(EXERCISE DATA)
╭──

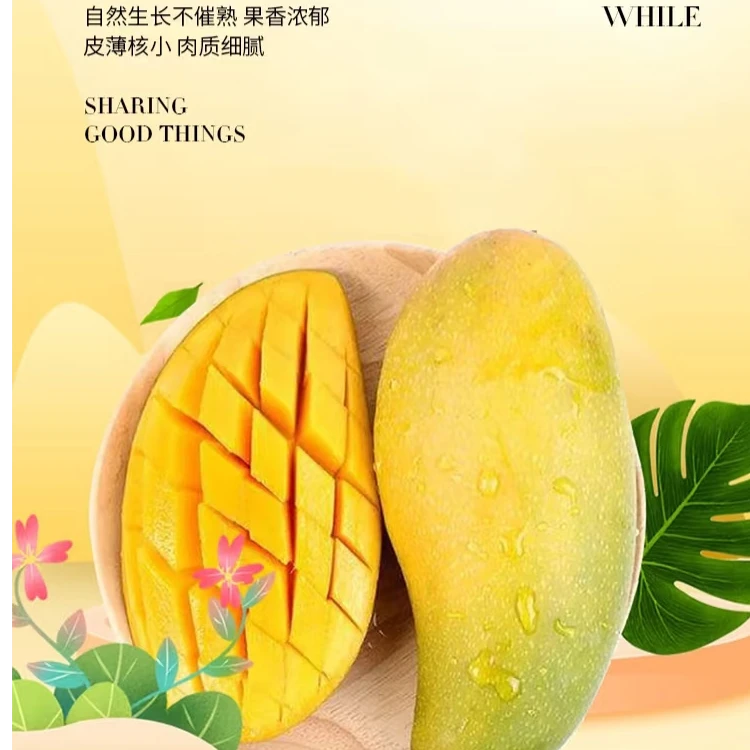 金煌芒果一颗450g起芒果同城送海南省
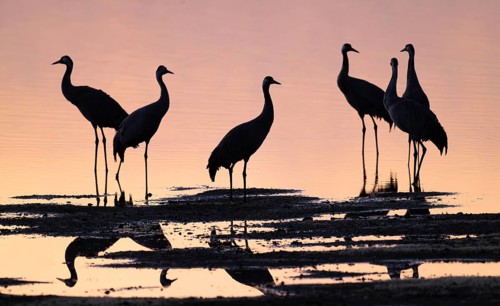 Crane (Grus grus), a group of cranes standing in the shallow water zone of a lake in warm, orange
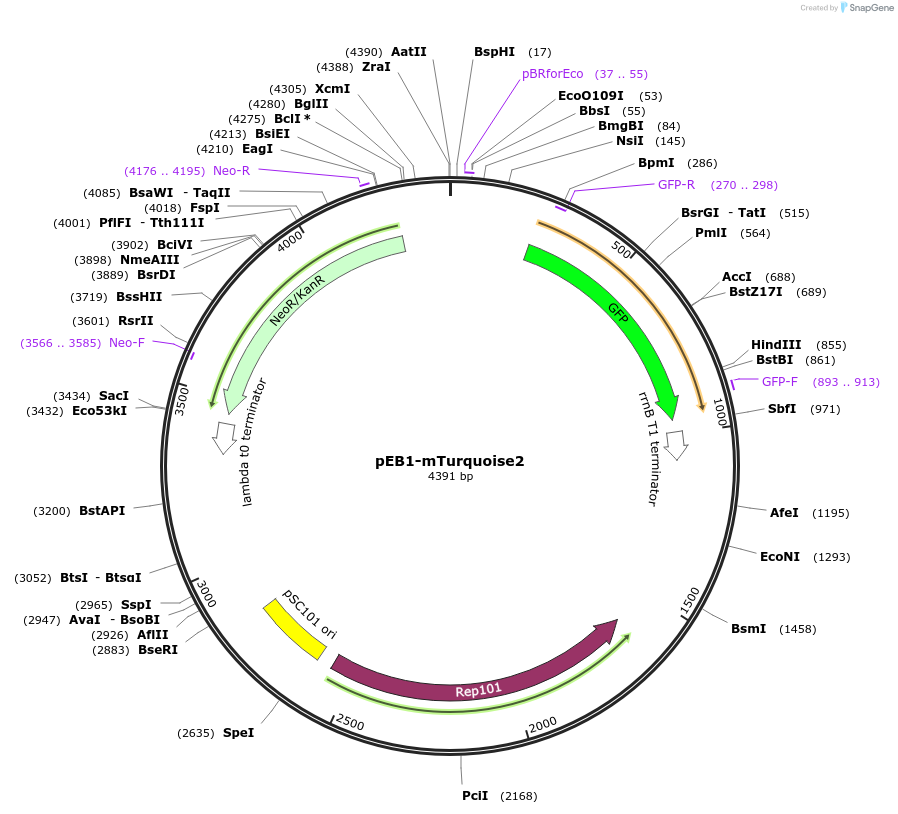 103974-plasmid-map-sequence-id-200307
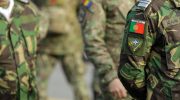 Army mobilizes another 13 intervention teams to Tomar and Ferreira do Zêzere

╰──

The required answer is an exact copy of the lines from the one containing "Crane (Grus grus), a" through the last line of the material, with the pictures removed.

(FINISHED EXERCISE)
 Crane (Grus grus), a group of cranes standing in the shallow water zone of a lake in warm, orange
 103974-plasmid-map-sequence-id-200307
 Army mobilizes another 13 intervention teams to Tomar and Ferreira do Zêzere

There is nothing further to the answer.